Its forthcoming stable release (v0.4) provides an implementation of the joint time—frequency scattering transform (JTFS).


## **Why scattering at Timbre 2023?**

JTFS is an idealisation of a neurophysiological model that is commonly known in timbre perception research: the spectrotemporal receptive field (STRF) [Patil et al., 2012](https://scholar.google.com/scholar_url?url=https://journals.plos.org/ploscompbiol/article%3Fid%3D10.1371/journal.pcbi.1002759&hl=en&sa=T&oi=gsb-ggp&ct=res&cd=0&d=13643030775703850815&ei=4JamZO6rEd2Sy9YP2fyhwAg&scisig=ABFrs3xGck11FtfqtyU_-VGjR1TE).

The STRF simulates processing in the mammalian primary cortex, based on empirical measurements of the response of neurons to moving ripple spectra.

JTFS offers benefits from the STRF in five factors: (i) differentiability, (ii)  efficiency, (iii) numerical accuracy, (iv) GPU-compatibility and (v) portability across scientific computing and machine learning frameworks in Python.

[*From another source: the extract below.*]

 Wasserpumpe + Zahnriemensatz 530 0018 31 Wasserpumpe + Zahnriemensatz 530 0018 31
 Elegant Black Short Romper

Of relevance to timbre research, we previously demonstrated that JTFS accurately represents similarity between spectrotemporal modulations and serves as a state-of-the-art feature extractor for musical instrument classification (Muradeli et al., 2022). Spectrotemporal modulations in the STRF have shown to serve as a predictor of timbre dissimilarity judgements (Patil et al., 2012, Thoret et al., 2021).

Likewise, Euclidean distances in JTFS can predict human judgments of similarity between musical instrument playing techniques (Lostanlen et al., 2021).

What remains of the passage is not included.